Le monde reste sans rien faire

L’opération d’annexion ne serait pas sans coût, du moins en apparence. Abbas promet que l’annexion interrompra le programme de coopération entre l’ANP et Israël en matière de sécurité et de justice. Cette coopération est très importante pour Israël, qui peut contrôler les territoires occupés par un intermédiaire et sans se salir les mains. Peu de gens, cependant, croient qu’un vieux leader délégitimé comme Abbas se risquera véritablement à un tel geste, notamment parce qu’il est toujours victime de chantage avec les fonds des impôts directs qui sont entièrement administrés par Israël et sont ensuite remis en partie et sous certaines conditions à l’ANP qui les utilise comme source interne de revenus.

Plus problématique pourrait être la réaction du Royaume de Jordanie, qui menace de mettre un terme aux accords de paix historiques avec Israël et craint certainement un afflux de Palestiniens à l’intérieur de ses frontières à la suite de l’annexion.

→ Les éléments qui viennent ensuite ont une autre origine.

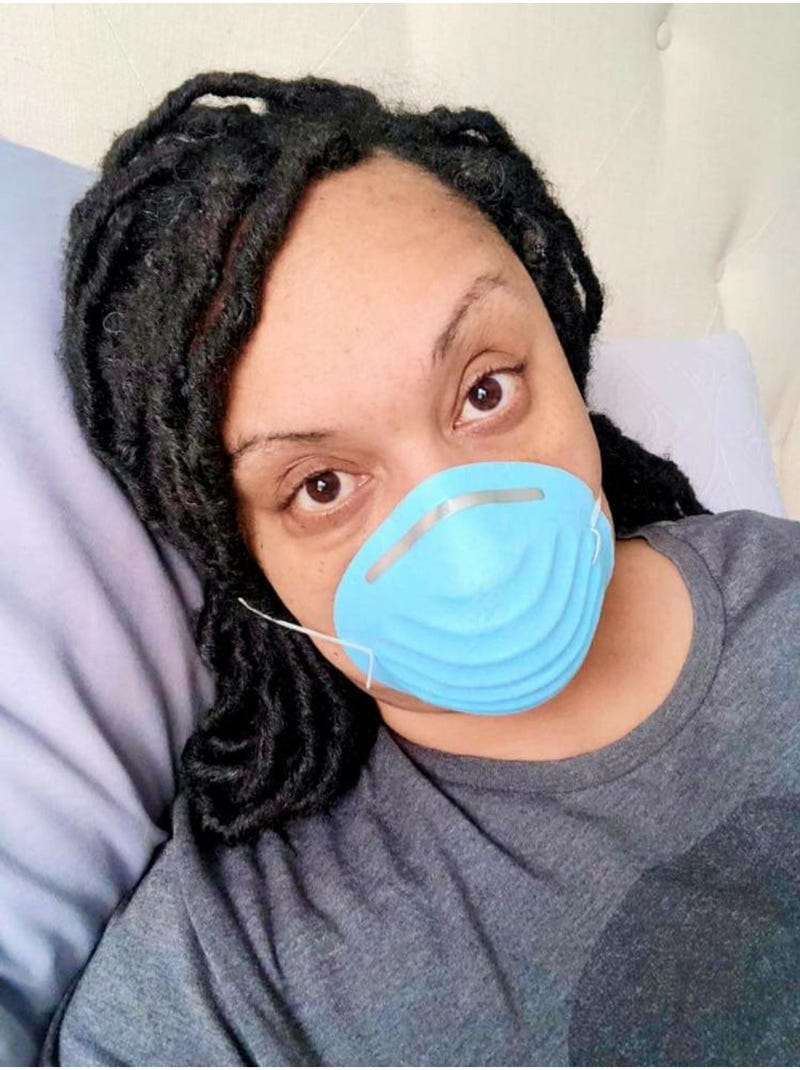 Ga State Senator Nikema Williams wears a mask as she has self-quarantined following exposure to the coronavirus
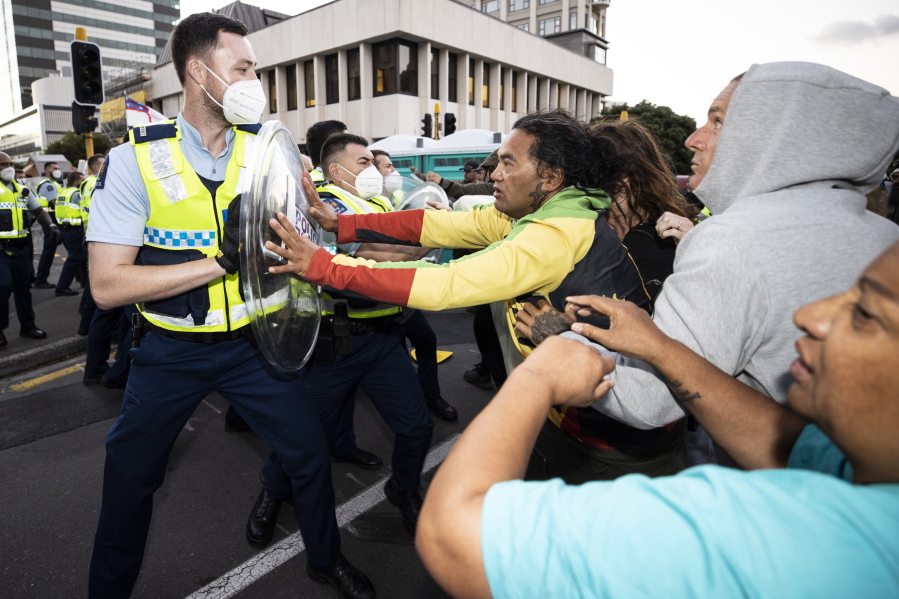 Police and protesters clash in Wellington, New Zealand, Tuesday, Feb. 22, 2022, as police tightened a cordon around a protest convoy that has been camped outside Parliament for two weeks. The protesters, who oppose coronavirus vaccine mandates and were inspired by similar protests in Canada, appear fairly well organized after trucking in portable toilets, crates of donated food, and bales of straw to lay down when the grass turned to mud.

Il faudra voir si la Jordanie passera des paroles aux actes.

Sur le plan international également, l’Europe a menacé Israël de répercussions, mais étant donné l’attitude historique de bienveillance envers Israël, il est douteux que quelque chose se produise, tandis que Trump est un fervent partisan de l’annexion et que l’une des raisons pour lesquelles celle-ci se produira en 2020 est qu’il souhaite en tirer profit pour la présidentielle américaine.

Il est certain que l’annexion rendra à nouveau manifeste le violent laboratoire ultra-libéral d’exploitation, de contrôle et de quadrillage de la population qui a lieu en Israël et en Palestine. Le gouvernement parviendra une fois de plus à trouver un point d’appui entre le juridique et le militaire pour exploiter encore davantage les terres, les populations et les ressources. Ainsi, Tel-Aviv pourra contrôler, utiliser, discriminer et en partie expulser la population non juive et permettre la domination de son élite, composée d’anciens militaires de haut rang, sur l’économie et la société.

Le seul espoir réside dans le fait que cette annexion est une manoeuvre éhontée et brutalement contraire au droit international et qu’elle pourrait susciter des réactions internes et externes. Celles-ci, à leur tour, pourraient générer de nouveaux soulèvements, ou des trajectoires de lutte novatrices comme par exemple une campagne transnationale pour les droits civils et la fin de l’Apartheid que plus d’un petit nombre de Palestiniens commencent à souhaiter.